“The Baltic Dry Index (BDI) has recovered since the start of November due to stronger capesize freight rates, but the index is still down 10% y/y. The capesize market has benefited from a 1% increase in shipments so far in November compared to October 2024 and November 2023. However, the increase has not been enough to recover to the highs seen during the first three quarters of 2024,” says Filipe Gouveia, Shipping Analyst at BIMCO.
On 19 November 2024, the BDI reached 1,627 points, up from 1,374 on 4 November. Before then, the index had gradually fallen since the end of September due to weaker capesize shipments. The capesize segment accounts for 40% of the BDI and therefore, changes in this market significantly impact the index.
Currently, the BDI is down 10% y/y despite a 4% y/y increase in the Baltic Capesize Index (BCI), as other segments continue to underperform. The BDI and BCI indices were much stronger during the first three quarters of 2024 when they rose by 41% y/y and 94% y/y respectively.
“This weakening in capesize spot rates has negatively impacted market sentiment. Since the start of October, one year time charter rates have fallen by 7%, while prices for five-year-old second hand capesizes have decreased by 2%,” says Gouveia.
So far in November, capesize demand is up 4% y/y, which is notably slower than the 7% y/y growth during the first three quarters of 2024. Demand is growing faster than shipments due to longer average sailing distances. Brazilian iron ore and Guinean bauxite shipments have both risen, resulting in longer distances than for Australian cargoes.

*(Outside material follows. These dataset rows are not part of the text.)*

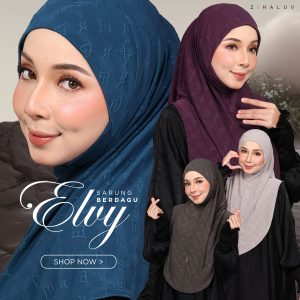 Elvy Sarung Berdagu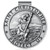 Fanhostco Saint Christopher Car Visor Clip, St. Christopher Medal for Car Visor, Automotive Visor Accessories, Gift for Drivers Families and Friends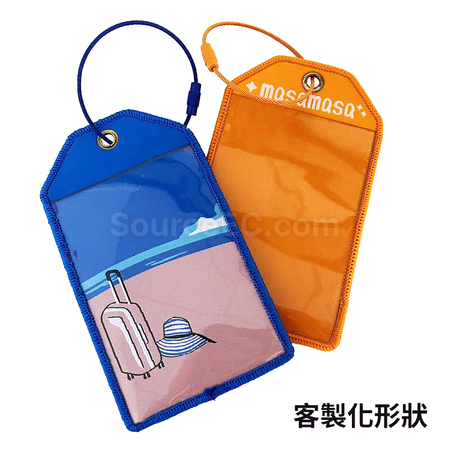 Customization Woven Label Card Holder Promotional Products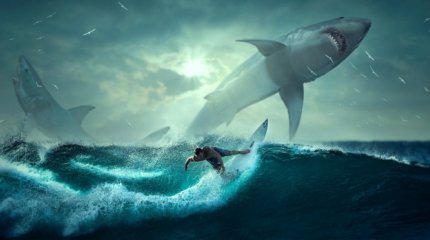 Акула напала на туристку на Канарских островах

However, while the capesize market is not as strong as it was during the first three quarters of 2024, it is still stronger than in November 2023. The supply/demand balance has marginally tightened as supply only grew by 3% y/y. The segment has benefited from low deliveries, keeping supply down even as congestion eased.
Forward Freight Agreements (FFAs) for the Baltic Exchange's Capesize 5TC indicate that the market expects rates to remain around current levels in December. During the first quarter of 2025, FFAs point to a drop in rates due to seasonality, and well below the levels seen in the first quarter of 2024.
“Looking ahead, capesize freight rates could still reach the highs of this year in 2025 as the market will likely remain strong. We currently expect the supply/demand balance in the capesize market to remain balanced with both demand and supply growing by 0.5-1.5%,” says Gouveia.